On the collaborations with Margot, Keezer touches on elements of love, longing and desire. As an example, consider how Keezer’s nuanced touch complements Margot as they navigate the ascendant arc of “Red Leaf,” an elegiac, affirmative song on which he collaborated with author Michael Perry, a fellow Wisconsin native. Piano and voice achieve an uncanny mind-meld on the co-composed “You Stay With Me” — Margot projects her magnificent contralto to equally compelling effect both when conveying her tender, sensuous lyric and then improvising in dialogue with the piano during the latter section. They also co-wrote the percolating “Guanajuato” (named for the Central Mexican city where they performed a duo concert several years ago), on which the protagonists engage in a protracted, intuitive musical conversation.

“Writing music together with someone is relatively new for me,” Keezer says. “I’ve always been fiercely autonomous as a composer. But I’m at a place now where collaborating is highly productive and rejuvenating.”

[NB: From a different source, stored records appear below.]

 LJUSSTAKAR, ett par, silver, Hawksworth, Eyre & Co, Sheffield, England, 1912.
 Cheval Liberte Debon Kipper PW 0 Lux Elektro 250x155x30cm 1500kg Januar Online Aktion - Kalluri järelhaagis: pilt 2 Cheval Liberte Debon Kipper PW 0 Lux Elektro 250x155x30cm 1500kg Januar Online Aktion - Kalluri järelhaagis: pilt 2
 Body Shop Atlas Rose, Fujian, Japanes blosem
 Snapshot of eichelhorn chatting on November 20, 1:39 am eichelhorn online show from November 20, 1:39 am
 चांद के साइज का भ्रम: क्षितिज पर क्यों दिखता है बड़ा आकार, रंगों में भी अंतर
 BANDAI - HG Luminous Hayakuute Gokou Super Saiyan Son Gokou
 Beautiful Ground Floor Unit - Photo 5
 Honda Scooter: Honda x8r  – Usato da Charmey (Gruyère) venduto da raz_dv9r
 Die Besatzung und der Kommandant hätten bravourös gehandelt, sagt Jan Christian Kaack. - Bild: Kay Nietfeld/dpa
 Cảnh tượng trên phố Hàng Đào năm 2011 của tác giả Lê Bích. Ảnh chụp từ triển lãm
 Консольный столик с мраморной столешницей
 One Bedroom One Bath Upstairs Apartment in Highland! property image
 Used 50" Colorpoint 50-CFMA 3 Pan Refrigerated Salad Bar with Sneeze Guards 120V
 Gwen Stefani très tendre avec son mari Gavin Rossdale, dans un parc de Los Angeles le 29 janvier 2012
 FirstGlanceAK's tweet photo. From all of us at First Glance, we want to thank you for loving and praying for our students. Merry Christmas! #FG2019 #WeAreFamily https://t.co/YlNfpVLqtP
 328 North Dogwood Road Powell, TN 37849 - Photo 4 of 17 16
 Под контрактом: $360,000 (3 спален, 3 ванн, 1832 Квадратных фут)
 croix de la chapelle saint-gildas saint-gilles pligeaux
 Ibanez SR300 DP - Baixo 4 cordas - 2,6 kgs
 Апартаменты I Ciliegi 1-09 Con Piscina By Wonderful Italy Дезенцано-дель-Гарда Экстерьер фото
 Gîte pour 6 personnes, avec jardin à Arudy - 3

Keezer credits the “direct influence” of singer-pianist Shirley Horn on the way he and Margot — complemented by poignant strings — stretch out the tempo and find space between the beats on the title track (a 1988 song by composer Michel Legrand and lyricists Alan and Marilyn Bergman). He describes their duo on “The First Time Ever I Saw Your Face” as “another chance to explore how much space is possible in music.

“I feel this is my most mature album,” Keezer says. “At least one definition of what it might mean to be mature was to feel I didn’t have to fill up all the space. I learned that lesson playing with people like Jim Hall, who continually, night after night, would ask me to play less and less.”

In everything that he plays herein, Keezer refracts lessons gleaned during the first decade of his career on stints with Art Blakey and the Jazz Messengers, and combos led by Art Farmer, Benny Golson and J.J. Johnson, and the end-of-the-‘90s Ray Brown Trio. On his own early recordings, Keezer convened modern masters like Steve Nelson, Bill Pierce, Donald Harrison, Joshua Redman, Charnett Moffett, Victor Lewis and Billy Higgins to navigate his challenging compositions.

“When I got to New York in the late ’80s, it was the clear mission of the pianists there to play strong and hard, to give it up a thousand percent every time,” Keezer says, summing up his animating principle. “Bands don’t play like that anymore. Music has to change and that’s fine. But even though I’ve lived in California for almost 20 years, I’m coming out of that late ’80s New York piano style for sure.

“I’m not trying to be anything other than just who I am as a musician. I’m comfortable with it. I don’t mean comfortable in the sense of resting on my laurels, or that I’m not interested in improving. I always want to get better. But this feels like the best piano playing I’ve done on record. I think it’s my best album to date.”